WHAT IS EXPECTED
Beginning with the line where "Blue Midi Dress Sleeveless" appears, retype every remaining line of the data below, both the first and last included.

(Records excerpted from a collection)
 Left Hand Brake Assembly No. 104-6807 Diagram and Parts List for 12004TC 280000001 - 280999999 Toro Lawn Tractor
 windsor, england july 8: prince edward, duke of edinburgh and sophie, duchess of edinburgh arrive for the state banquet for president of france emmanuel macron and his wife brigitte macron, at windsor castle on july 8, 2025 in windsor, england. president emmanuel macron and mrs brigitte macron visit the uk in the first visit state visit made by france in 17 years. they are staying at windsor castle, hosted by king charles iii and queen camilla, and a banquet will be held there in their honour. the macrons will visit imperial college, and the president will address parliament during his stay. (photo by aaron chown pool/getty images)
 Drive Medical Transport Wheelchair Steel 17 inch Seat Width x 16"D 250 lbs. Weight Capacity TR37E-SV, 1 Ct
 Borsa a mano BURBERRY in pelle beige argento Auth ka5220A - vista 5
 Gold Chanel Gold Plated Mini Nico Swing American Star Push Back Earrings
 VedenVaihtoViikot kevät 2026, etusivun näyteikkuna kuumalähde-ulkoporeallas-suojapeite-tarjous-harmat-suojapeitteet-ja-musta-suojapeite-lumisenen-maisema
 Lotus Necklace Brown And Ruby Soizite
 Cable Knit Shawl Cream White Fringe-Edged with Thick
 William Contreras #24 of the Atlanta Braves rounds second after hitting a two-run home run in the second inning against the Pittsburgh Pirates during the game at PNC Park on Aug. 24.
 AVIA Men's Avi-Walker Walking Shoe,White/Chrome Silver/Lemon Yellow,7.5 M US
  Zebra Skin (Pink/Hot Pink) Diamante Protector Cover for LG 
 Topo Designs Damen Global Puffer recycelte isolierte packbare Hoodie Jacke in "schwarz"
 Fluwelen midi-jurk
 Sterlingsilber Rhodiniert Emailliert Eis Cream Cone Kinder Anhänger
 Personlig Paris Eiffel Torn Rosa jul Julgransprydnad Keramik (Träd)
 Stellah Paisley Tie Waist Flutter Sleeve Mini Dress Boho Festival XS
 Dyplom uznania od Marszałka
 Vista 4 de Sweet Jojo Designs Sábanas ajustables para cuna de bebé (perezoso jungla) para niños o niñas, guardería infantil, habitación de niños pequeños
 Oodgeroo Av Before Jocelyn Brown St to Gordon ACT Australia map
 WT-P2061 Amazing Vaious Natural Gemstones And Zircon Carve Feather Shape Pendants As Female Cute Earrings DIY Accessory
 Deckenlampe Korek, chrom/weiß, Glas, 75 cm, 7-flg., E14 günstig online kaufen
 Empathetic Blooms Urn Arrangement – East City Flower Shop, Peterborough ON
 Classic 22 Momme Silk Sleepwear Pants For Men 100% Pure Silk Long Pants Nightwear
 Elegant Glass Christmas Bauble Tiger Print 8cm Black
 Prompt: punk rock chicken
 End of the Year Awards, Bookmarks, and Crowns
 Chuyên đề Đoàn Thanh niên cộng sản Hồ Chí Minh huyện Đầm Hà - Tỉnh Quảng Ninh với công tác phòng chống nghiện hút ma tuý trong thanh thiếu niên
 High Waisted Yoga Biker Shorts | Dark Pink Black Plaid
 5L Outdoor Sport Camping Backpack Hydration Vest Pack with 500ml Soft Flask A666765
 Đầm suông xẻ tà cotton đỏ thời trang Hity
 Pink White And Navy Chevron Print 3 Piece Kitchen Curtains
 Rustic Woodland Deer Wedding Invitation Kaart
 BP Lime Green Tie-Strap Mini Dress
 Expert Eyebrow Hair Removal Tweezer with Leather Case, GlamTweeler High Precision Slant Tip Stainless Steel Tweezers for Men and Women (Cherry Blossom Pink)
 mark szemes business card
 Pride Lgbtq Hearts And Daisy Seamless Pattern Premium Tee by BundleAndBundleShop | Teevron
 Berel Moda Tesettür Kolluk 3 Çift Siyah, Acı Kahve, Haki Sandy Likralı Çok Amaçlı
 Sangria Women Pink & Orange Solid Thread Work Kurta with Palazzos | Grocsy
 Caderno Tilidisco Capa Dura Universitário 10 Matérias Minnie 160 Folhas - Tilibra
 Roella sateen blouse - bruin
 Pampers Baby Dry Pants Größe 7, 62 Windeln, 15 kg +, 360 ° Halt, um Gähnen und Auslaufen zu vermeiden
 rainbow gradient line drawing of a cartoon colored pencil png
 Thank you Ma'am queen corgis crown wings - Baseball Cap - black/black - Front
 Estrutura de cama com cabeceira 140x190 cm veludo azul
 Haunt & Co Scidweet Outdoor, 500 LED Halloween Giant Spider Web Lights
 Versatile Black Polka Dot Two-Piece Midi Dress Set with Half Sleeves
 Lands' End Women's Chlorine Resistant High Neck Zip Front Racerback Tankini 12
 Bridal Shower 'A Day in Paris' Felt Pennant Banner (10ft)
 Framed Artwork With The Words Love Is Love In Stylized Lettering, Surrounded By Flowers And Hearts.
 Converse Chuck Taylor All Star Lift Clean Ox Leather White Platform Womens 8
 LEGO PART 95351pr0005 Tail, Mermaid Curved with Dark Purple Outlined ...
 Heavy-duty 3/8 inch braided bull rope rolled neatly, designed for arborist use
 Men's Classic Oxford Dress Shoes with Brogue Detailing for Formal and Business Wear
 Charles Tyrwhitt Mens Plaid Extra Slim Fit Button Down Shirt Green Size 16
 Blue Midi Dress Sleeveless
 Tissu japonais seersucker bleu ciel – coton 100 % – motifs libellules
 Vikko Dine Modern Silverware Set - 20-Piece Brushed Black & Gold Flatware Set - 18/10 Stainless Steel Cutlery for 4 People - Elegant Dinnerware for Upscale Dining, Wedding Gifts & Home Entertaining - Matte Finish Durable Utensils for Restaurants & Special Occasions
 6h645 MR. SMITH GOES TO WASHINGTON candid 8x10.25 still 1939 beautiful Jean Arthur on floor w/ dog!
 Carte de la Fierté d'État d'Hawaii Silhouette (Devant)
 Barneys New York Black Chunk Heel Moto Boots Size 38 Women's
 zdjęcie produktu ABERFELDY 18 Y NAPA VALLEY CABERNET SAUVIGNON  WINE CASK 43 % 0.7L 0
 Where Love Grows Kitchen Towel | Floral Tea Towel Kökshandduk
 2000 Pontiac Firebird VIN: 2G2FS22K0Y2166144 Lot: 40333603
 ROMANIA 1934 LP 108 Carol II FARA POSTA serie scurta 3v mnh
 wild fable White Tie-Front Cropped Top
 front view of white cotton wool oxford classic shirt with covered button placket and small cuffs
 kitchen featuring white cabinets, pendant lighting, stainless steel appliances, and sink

TASK SOLUTION
 Blue Midi Dress Sleeveless
 Tissu japonais seersucker bleu ciel – coton 100 % – motifs libellules
 Vikko Dine Modern Silverware Set - 20-Piece Brushed Black & Gold Flatware Set - 18/10 Stainless Steel Cutlery for 4 People - Elegant Dinnerware for Upscale Dining, Wedding Gifts & Home Entertaining - Matte Finish Durable Utensils for Restaurants & Special Occasions
 6h645 MR. SMITH GOES TO WASHINGTON candid 8x10.25 still 1939 beautiful Jean Arthur on floor w/ dog!
 Carte de la Fierté d'État d'Hawaii Silhouette (Devant)
 Barneys New York Black Chunk Heel Moto Boots Size 38 Women's
 zdjęcie produktu ABERFELDY 18 Y NAPA VALLEY CABERNET SAUVIGNON  WINE CASK 43 % 0.7L 0
 Where Love Grows Kitchen Towel | Floral Tea Towel Kökshandduk
 2000 Pontiac Firebird VIN: 2G2FS22K0Y2166144 Lot: 40333603
 ROMANIA 1934 LP 108 Carol II FARA POSTA serie scurta 3v mnh
 wild fable White Tie-Front Cropped Top
 front view of white cotton wool oxford classic shirt with covered button placket and small cuffs
 kitchen featuring white cabinets, pendant lighting, stainless steel appliances, and sink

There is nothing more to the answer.